MATERIAL FOR THIS TASK:

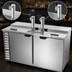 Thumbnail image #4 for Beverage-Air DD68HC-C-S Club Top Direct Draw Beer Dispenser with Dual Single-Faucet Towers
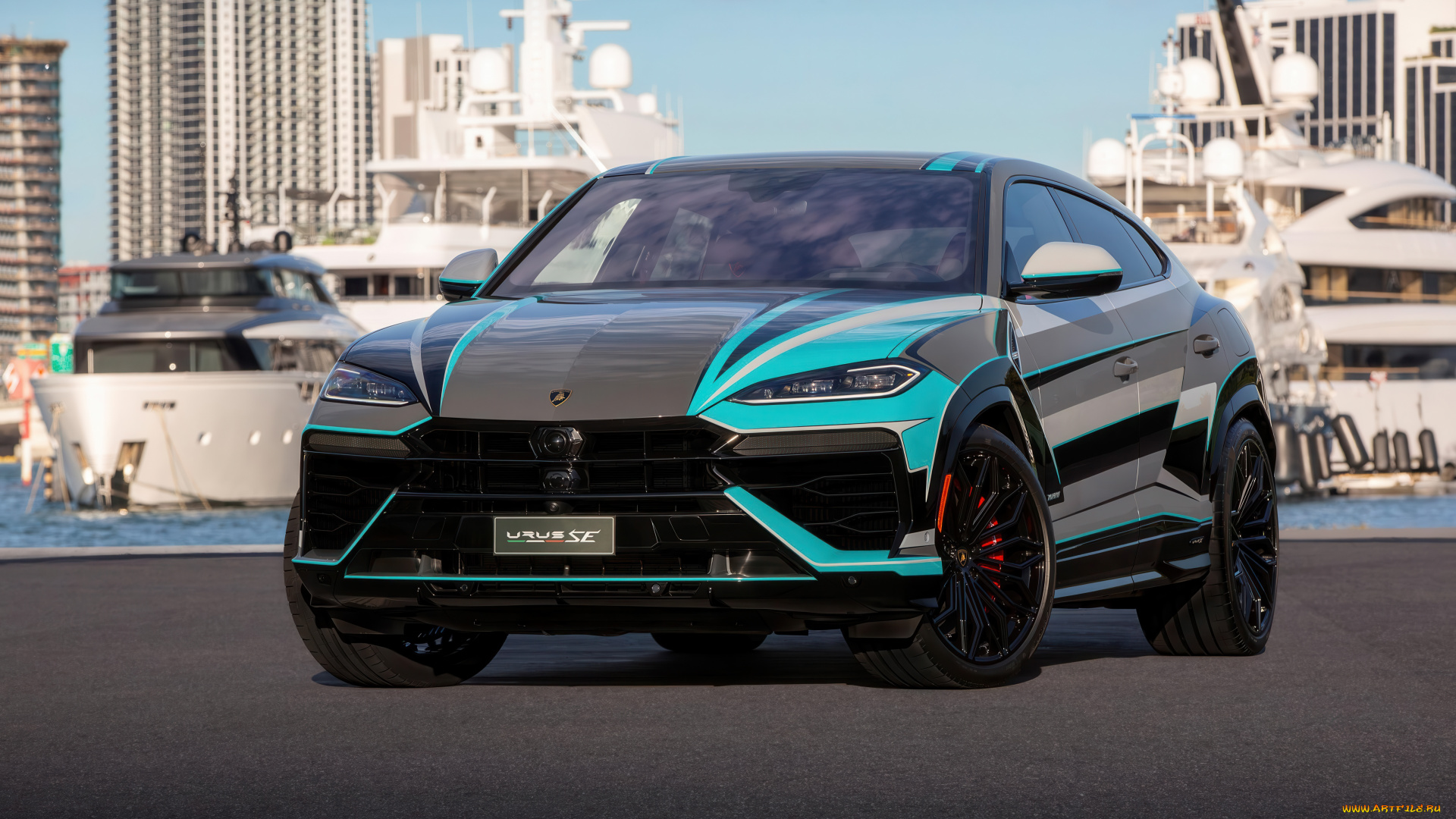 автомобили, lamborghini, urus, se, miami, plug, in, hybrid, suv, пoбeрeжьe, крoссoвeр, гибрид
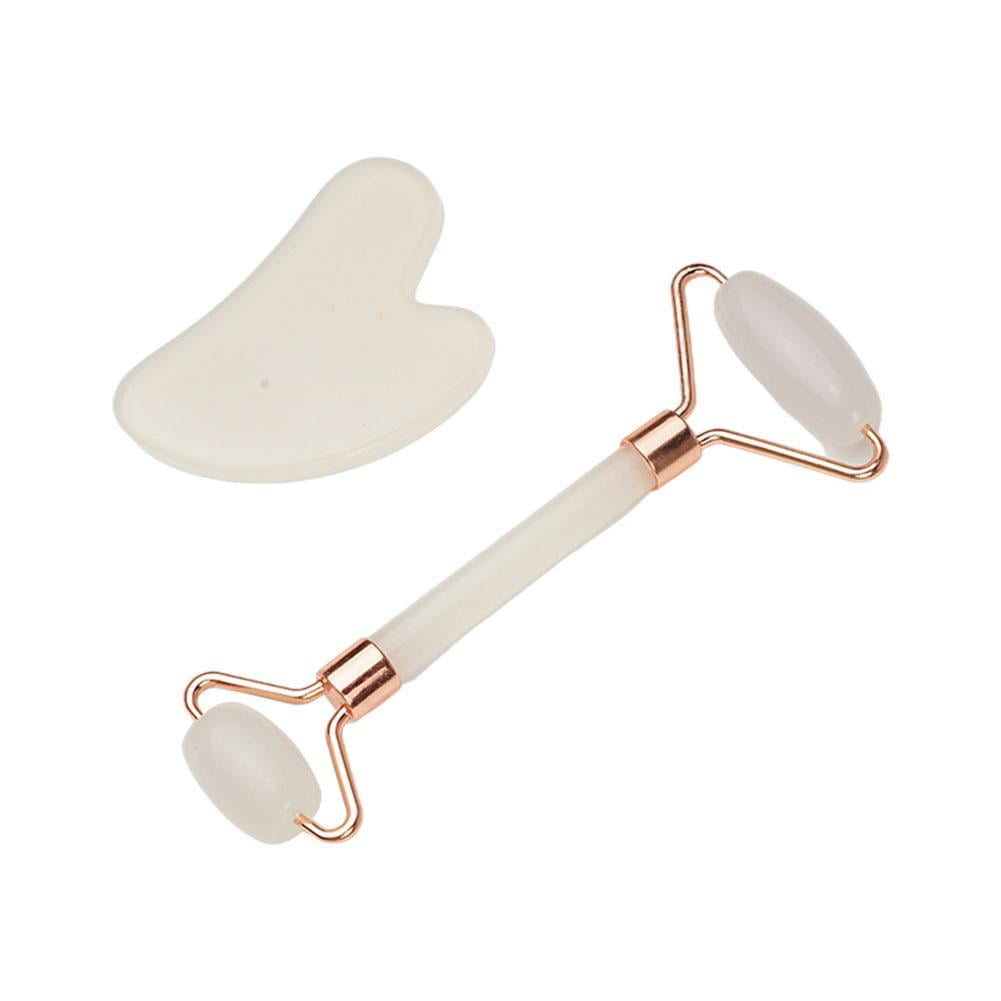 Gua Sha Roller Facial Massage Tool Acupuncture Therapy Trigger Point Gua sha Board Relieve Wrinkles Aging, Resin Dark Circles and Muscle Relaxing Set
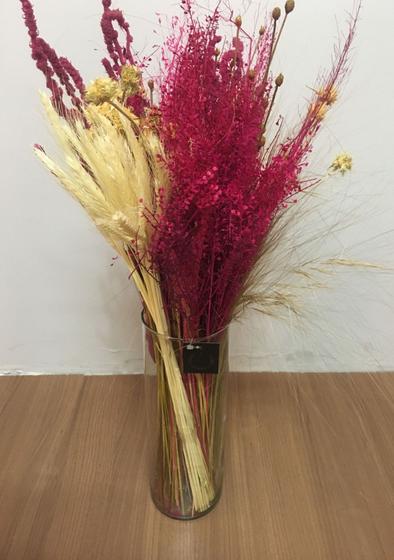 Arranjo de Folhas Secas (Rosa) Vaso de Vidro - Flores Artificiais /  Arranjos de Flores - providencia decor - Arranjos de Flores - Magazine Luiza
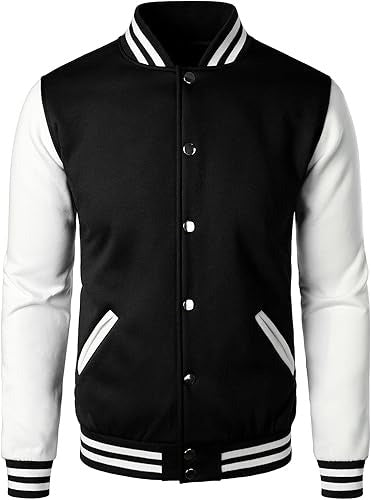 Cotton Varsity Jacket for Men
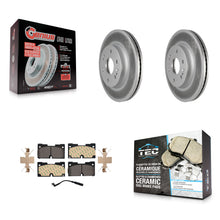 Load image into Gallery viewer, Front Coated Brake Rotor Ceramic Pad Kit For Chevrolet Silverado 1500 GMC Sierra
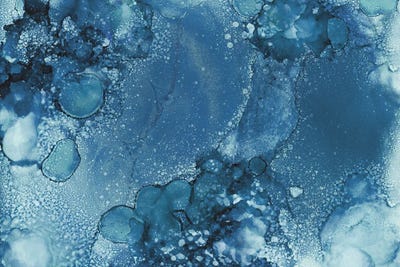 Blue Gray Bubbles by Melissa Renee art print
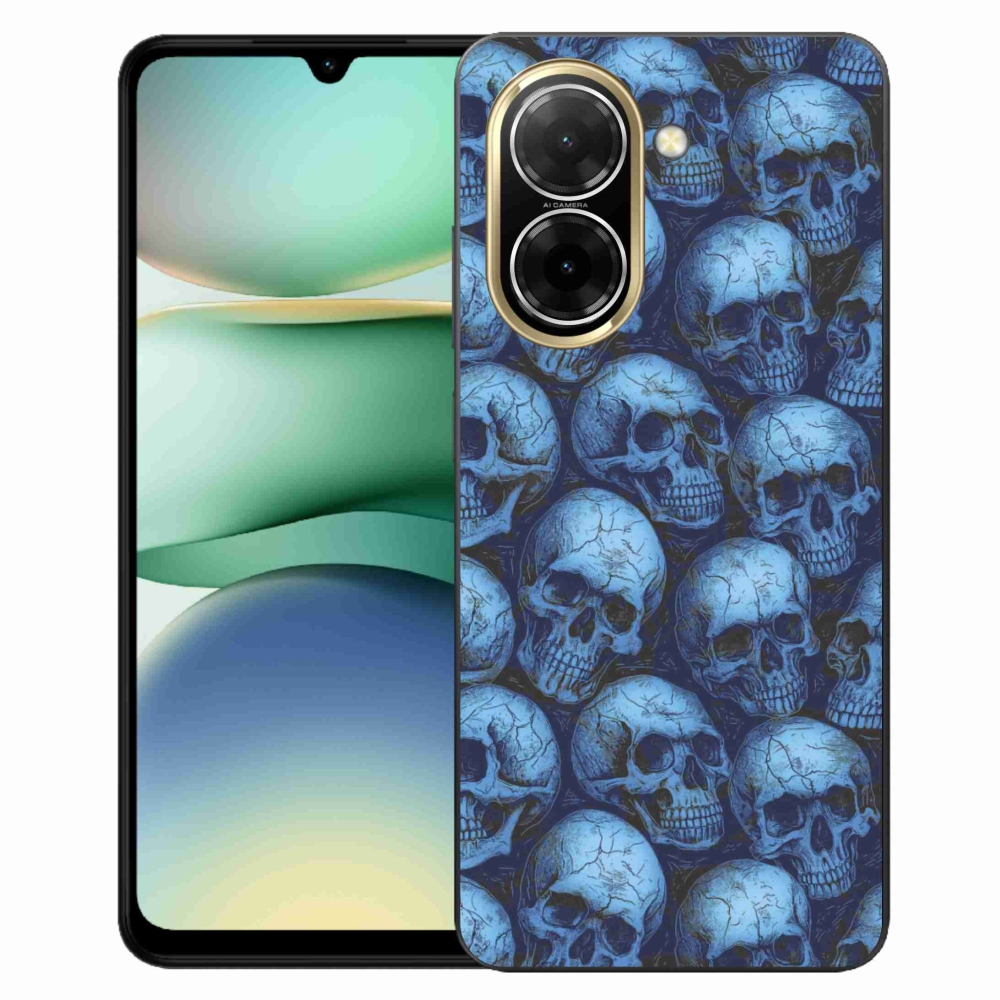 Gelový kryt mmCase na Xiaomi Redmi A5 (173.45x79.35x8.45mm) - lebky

* * *

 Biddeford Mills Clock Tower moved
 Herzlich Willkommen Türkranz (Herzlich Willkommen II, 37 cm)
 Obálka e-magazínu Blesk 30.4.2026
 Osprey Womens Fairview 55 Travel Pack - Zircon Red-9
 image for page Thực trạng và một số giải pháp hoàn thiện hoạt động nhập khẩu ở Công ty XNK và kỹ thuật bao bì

* * *

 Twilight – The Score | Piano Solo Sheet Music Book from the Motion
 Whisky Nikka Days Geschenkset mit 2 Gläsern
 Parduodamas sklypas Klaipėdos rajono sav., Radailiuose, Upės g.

REQUIRED ACTION: Within the listing above, the lines starting at the one containing "Thumbnail image #4" and ending at the one containing "Gelový kryt mmCase" are to be returned exactly. Omit the pictures.

RESPONSE AREA:
 Thumbnail image #4 for Beverage-Air DD68HC-C-S Club Top Direct Draw Beer Dispenser with Dual Single-Faucet Towers
 автомобили, lamborghini, urus, se, miami, plug, in, hybrid, suv, пoбeрeжьe, крoссoвeр, гибрид
 Gua Sha Roller Facial Massage Tool Acupuncture Therapy Trigger Point Gua sha Board Relieve Wrinkles Aging, Resin Dark Circles and Muscle Relaxing Set
 Arranjo de Folhas Secas (Rosa) Vaso de Vidro - Flores Artificiais /  Arranjos de Flores - providencia decor - Arranjos de Flores - Magazine Luiza
 Cotton Varsity Jacket for Men
 Load image into Gallery viewer, Front Coated Brake Rotor Ceramic Pad Kit For Chevrolet Silverado 1500 GMC Sierra
 Blue Gray Bubbles by Melissa Renee art print
 Gelový kryt mmCase na Xiaomi Redmi A5 (173.45x79.35x8.45mm) - lebky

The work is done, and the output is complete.